Even now, some 3 million children and teens are subjected every year to excision and other forms of female genital mutilation (FGM) such as infibulation, which mark their victims for the rest of their lives. These practices, which are violations of human rights, have devastating consequences both physically and psychologically; they can even result in death. For what or for whom have between 100 and 140 million women and girls in the world, mainly in Africa, had the most private part of their bodies "cut or sewn"? Certainly not for religion. Many Muslim dignitaries have pointed out that the Koran makes absolutely no mention of FGM.

Then why is it that according to statistics from UNICEF, a little girl is subjected to excision on average every 15 seconds? According to the participants in an African parliamentary conference on this subject held in Dakar in December with the cooperation of the IPU, the African Parliamentary Union, the National Assembly of Senegal and UNICEF, it is because FGM has been perpetrated for generations in a social setting where family choices are dependent on decisions made by others. It is also because some parents, out of concern for their honour and their African culture and no doubt out of love for their daughters, believe that if their daughters are not excised they will not marry.

This is not the opinion of Mr. Mélégué Traoré, a member of parliament and the former President of the National Assembly of Burkina Faso. This highly respected traditional chief, who has himself refused to subject his daughters to FGM, explained that "We are in no way abandoning African culture when we abandon female genital mutilation".

To try to end the ordeal faced by African women from their earliest childhood and when they bring children into the world, an awareness campaign is being conducted in a number of African countries. Men, women, parliamentarians, traditional chiefs and religious leaders have mobilized to encourage the abandonment of these terrible practices, which are punishable by law in some countries.

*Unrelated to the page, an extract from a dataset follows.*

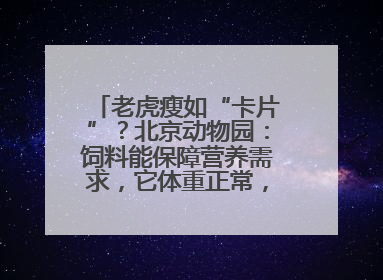 老虎瘦如“卡片”？北京动物园：饲料能保障营养需求，它体重正常，放心吧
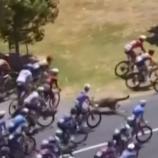 Das Känguru in der Rad-Menge.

To help ensure that the awareness is universal, 6 February has been declared the International Day of Zero Tolerance of Female Genital Mutilation.

As Waris Dirie, a Somali fashion model and goodwill ambassador of the United Nations Population Fund (UNFPA), wrote in Desert Flower: The Extraordinary Journey of a Desert Nomad, an extremely moving book she co-authored with Cathleen Miller, "I pray that one day not a single woman will have to undergo this torture; that this practice will become a thing of the past; that people will say, ‘Have you heard that female genital mutilation has been banned in Somalia?', and then in another country, and another, until the world becomes a safer place for all women. It will be a wonderful day. That is my objective. Inshallah, if God wills it, that day will come".

L.B.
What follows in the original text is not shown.